The Spanish selections in the Festival echo the Latin American trends, on the one hand investigating a violent history, on the other, exploring a problematic present.

The most expert example of the first tendency is Secrets of the Heart by established Basque ruralist, Montxo Armendariz. Appealing to a long tradition in Spanish cinema that stretches back to the late Francoist The Spirit of the Beehive, Armendariz uses the imaginative fantasies of a child to deal obliquely with the horrors of history. Nine-year-old Javi, growing up in the Sixties, confronts sex and death as he investigates a haunted house, a missing father, and the puzzling noises from his mother's bedroom. Sensitive but not sentimental, Secrets is a key Spanish film of the Nineties.

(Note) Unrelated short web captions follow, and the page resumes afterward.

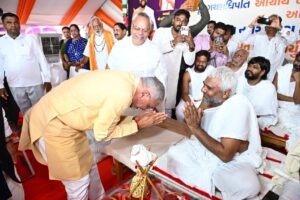 પ્રદેશ અધ્યક્ષ શ્રી Jagdish Panchal ની વિશેષ ઉપસ્થિતિમાં આજે બનાસકાંઠાના પવિત્ર મગરવાડા તીર્થ ખાતે પરમ પૂજ્ય ગચ્છાધિપતિ આચાર્ય દેવશ્રી પ્રદ્યુમ્ન વિમલ સૂરીશ્વરજી મહારાજ સાહેબનો ભવ્ય નગર પ્રવેશ મહોત્સવ યોજાયો.  આ મંગલમય અવસરે પ્રદેશ અધ્યક્ષશ્રીએ પૂજ્ય સંતો-મહંતોના દર્શન કરી આશીર્વાદ પ્રાપ્ત કર્યા.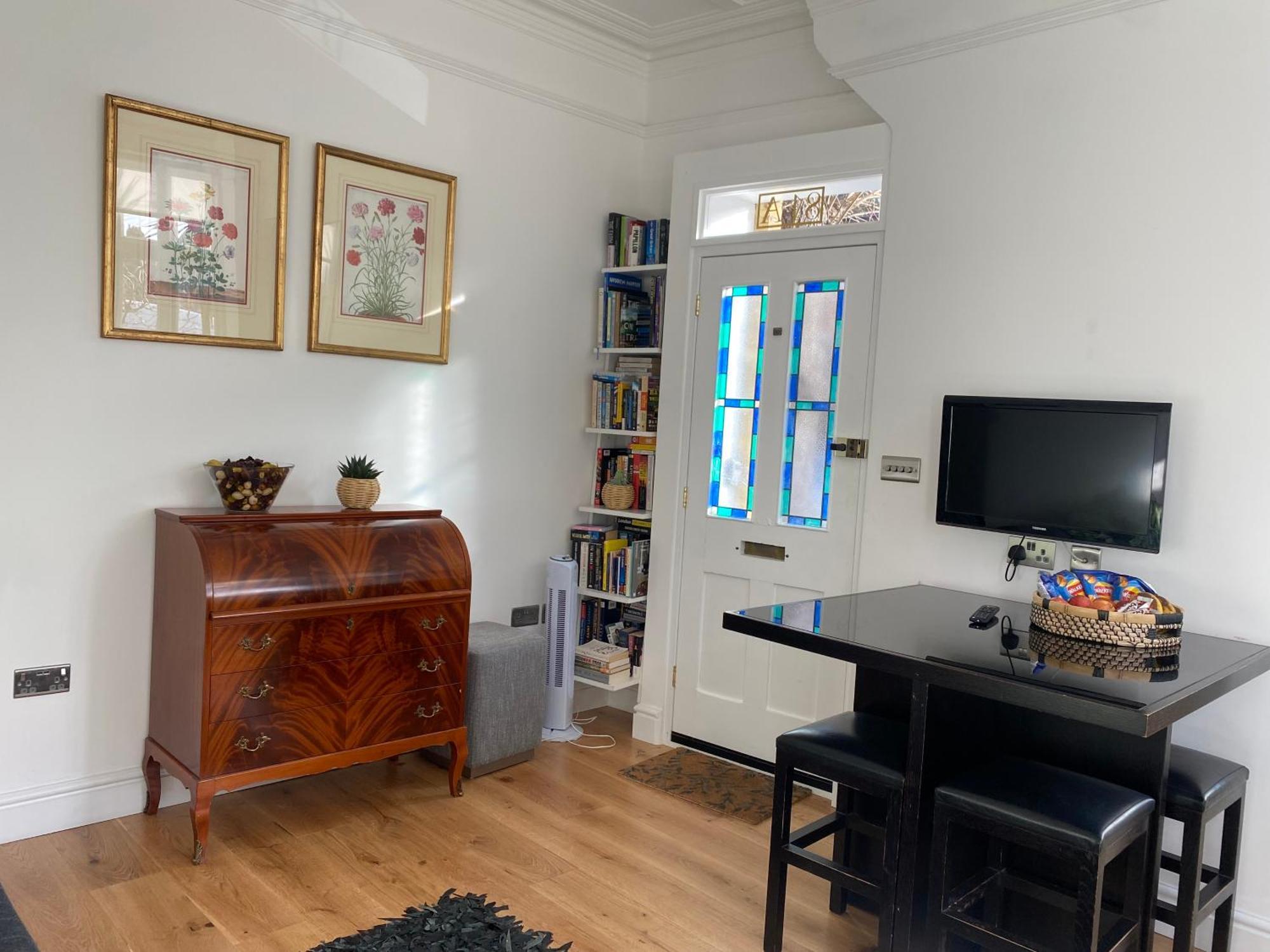 Interior Designed Flat Near Kew Botanical Gardens Apartment London Exterior photo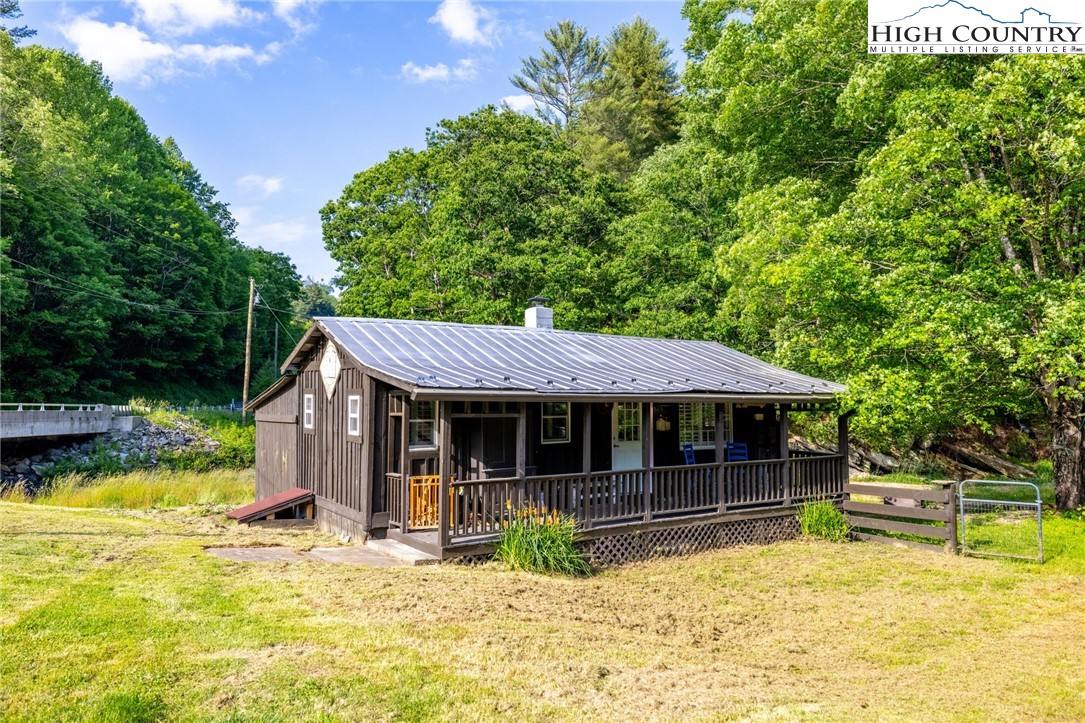 1369 Anderson Hill Road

Very different, but equally successful, is Barrio, by newcomer Fernando Leon de Aranoa. Shot entirely in the mean streets of Madrid, it makes use of locations rarely shown in a Spanish cinema that, post-Almodovar, tends to celebrate the hedonistic pleasures of the city. Here the subways, freeways and high rises of the suburbs are the bleak habitat of Leon's three ugly protagonists, played by non-professionals plucked from the unemployment lines by the director.

At the same time, this is not a question of either/or. Aranoa has set his gritty visuals of land locked Madrid to a sensuous Caribbean soundtrack. The reality and the dream of the Spanish-speaking world...If UK audiences can overcome their aversion to subtitles, they have a feast in store.